Their lives have been committed to The Lord and in serving the Indian people. They ended up in Mussoorie where they built a humble but oh-so-cozy home lined with walls of books and a piano that lives among bound wisdom (how the 8 “Coolis” got this piano into her home was an engineering feat from the dark ages). She has hosted hundreds of families, singles, students, pastors, and faithful people seeking direction in her home over the years never asking for anything from them.

Christa is 82 now and has the spirit and health of a 60 years young woman. Now widowed, She maintains the cliff-side home with the assistance of a loyal helper, “Vicki.” She hikes up and down the mountain path to her home from the road at least once a day, grows plants in her roof top greenhouse and has a constant stream of visitors seeking to spend time with her – praying, chatting, and sharing God’s Word. She is an exemplary example of how God uses and blesses those who selflessly give of themselves for The Kingdom. It was so intense to sit at a table over tea and have the wisdom of such a woman poured into me through prayer and reading of scripture. I was catapulted into another dimension of what it means to truly live for Christ and sacrifice yourself for The Lord.

Carl has known Christa for five years and has stayed at her home many times with his Nepali contact.

In the same breath of time, only an hour later, I found myself staring at an oversized crayola laden gold statue of Buddha. We were at the temple of Buddha and at the top where worshipers and devotees hang their prayers written on flags so that their gods can carry them away with the winds. We lingered there for a while.

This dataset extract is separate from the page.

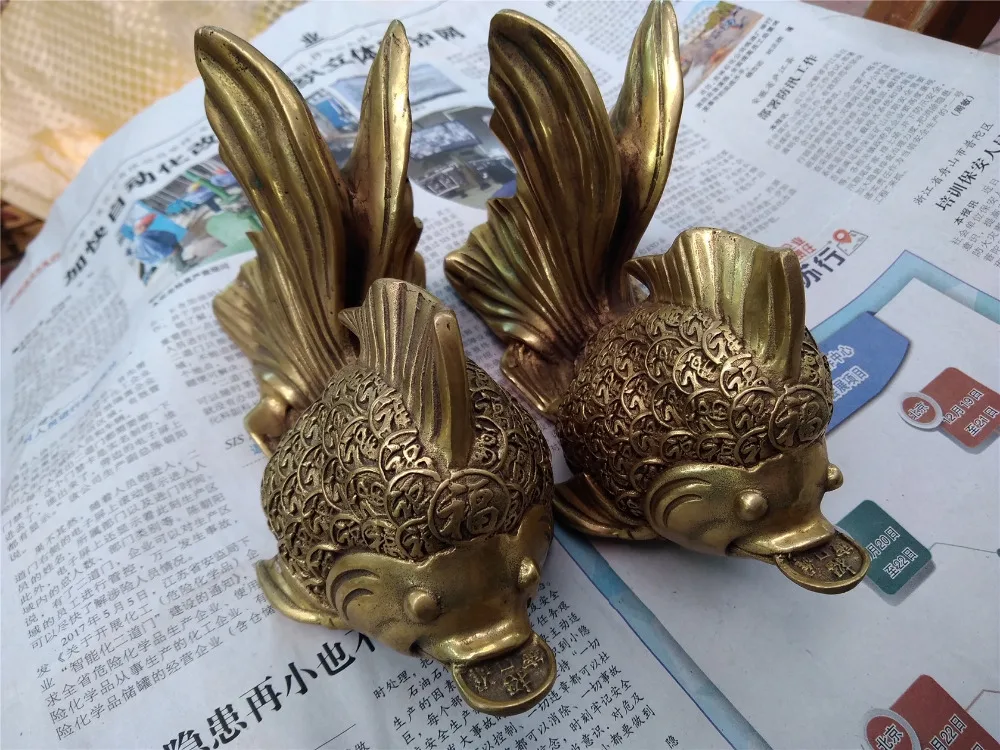 Пара старинных китайских бронзовых поделок фэн-шуй, золотая рыбка, бронзовая статуя, украшение для дома, искусство, богатство 
Пара старинных китайских бронзовых поделок фэн-шуй, золотая рыбка, бронзовая статуя, украшение для дома, искусство, богатство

While on our descent from the mountaintop worship place, I am mesmerized at the lack of care and pure neglect of this shrine to their god.   The crumbling concrete railings and stairs, the trash strewn around carelessly with no respect for the purpose for this place, wild dogs aimlessly nudging at wrappers for a scrap left behind, monkeys jumping to and fro, and piles upon piles of dog and monkey feces. A local boy follows us around asking for “donations” and another who’s selling prayer flags.

It is a fractured reflection of what the god that these people worship is – broken and shattered, unclean and without order. That is why when Christ comes into the lives of souls living in a worldly nation, cleanliness and order slowly materialize. We serve a God of order and direction. The One whom we serve created the mountains that I wake up to today – the awestruck wonder of this world can only be understood when we grasp the infinite power of the God who loves us and has created us for His Glory.